Little Grand Lake Provisional Ecological Reserve

Situated in the spectacular rolling terrain of Western Newfoundland, the 729 km2 Little Grand Lake Provisional Ecological Reserve protects extensive bogs and barrens, as well as mature boreal forest that is prime habitat for the endangered Newfoundland marten (COSEWIC, 2000).

Little Grand Lake

The reserve's borders were designed to capture specific ecosystems-making it the province's first true ecosystem ecological reserve-and also provide the highest level of protection to the marten habitat at its core.

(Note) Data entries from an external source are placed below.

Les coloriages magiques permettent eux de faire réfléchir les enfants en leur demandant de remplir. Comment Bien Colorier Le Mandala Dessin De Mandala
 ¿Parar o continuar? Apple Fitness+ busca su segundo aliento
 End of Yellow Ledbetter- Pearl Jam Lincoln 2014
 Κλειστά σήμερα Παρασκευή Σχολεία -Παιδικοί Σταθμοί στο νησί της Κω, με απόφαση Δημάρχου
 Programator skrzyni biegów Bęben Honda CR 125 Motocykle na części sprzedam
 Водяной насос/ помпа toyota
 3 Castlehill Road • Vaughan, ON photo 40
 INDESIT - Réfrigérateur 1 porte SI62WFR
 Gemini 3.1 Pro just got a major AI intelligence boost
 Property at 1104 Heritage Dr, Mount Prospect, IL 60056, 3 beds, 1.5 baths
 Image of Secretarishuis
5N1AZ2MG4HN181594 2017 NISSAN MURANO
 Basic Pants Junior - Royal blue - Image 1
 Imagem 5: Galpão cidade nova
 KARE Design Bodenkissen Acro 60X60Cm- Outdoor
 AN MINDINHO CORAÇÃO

Little Grand Lake Provisional Ecological Reserve is one of three protected areas surrounding Little Grand Lake. The other two are the Little Grand Lake Wildlife Reserve (569 km2) and the Glover Island Public Reserve (178 km2). These reserves extend the area of Newfoundland marten habitat under protection, and provide buffers against the effects of any human activity that would be harmful to the marten's recovery.

The Little Grand Lake Provisional Ecological Reserve completes the protection of representative portions of three natural regions:

The biologically important ecotone areas where these ecoregions overlap are also included inside the three-reserve system. The area provides habitat for a number of plant and animal species, including woodland caribou that frequent the bogs, ribbed fens, and barrens habitats (in the Buchan's Plateau-Topsail subregion).

Newfoundland Marten

One of only 13 native land mammals inhabiting the Island, the Newfoundland marten is in the same family as the weasel, mink, and ferret. Marten thrive in mature, closed-canopy forest, a habitat type that is disappearing from the Island portion of the province. The total Newfoundland marten population in the province is estimated to be around 300 animals. The forests within the Little Grand Lake reserve system are home to the largest remaining core population of Newfoundland marten on the Island.

The Little Grand Lake Provisional Ecological Reserve was legally established in 2002, after a long history of interest in and concern about the area and its wildlife. The wildlife and public reserves were also created in 2002.

Public consultations on a draft management plan were held in February, 2004. The Wilderness and Ecological Reserves Advisory Council summarized the public comments and provided recommendations to Government in January, 2005. These are currently under review.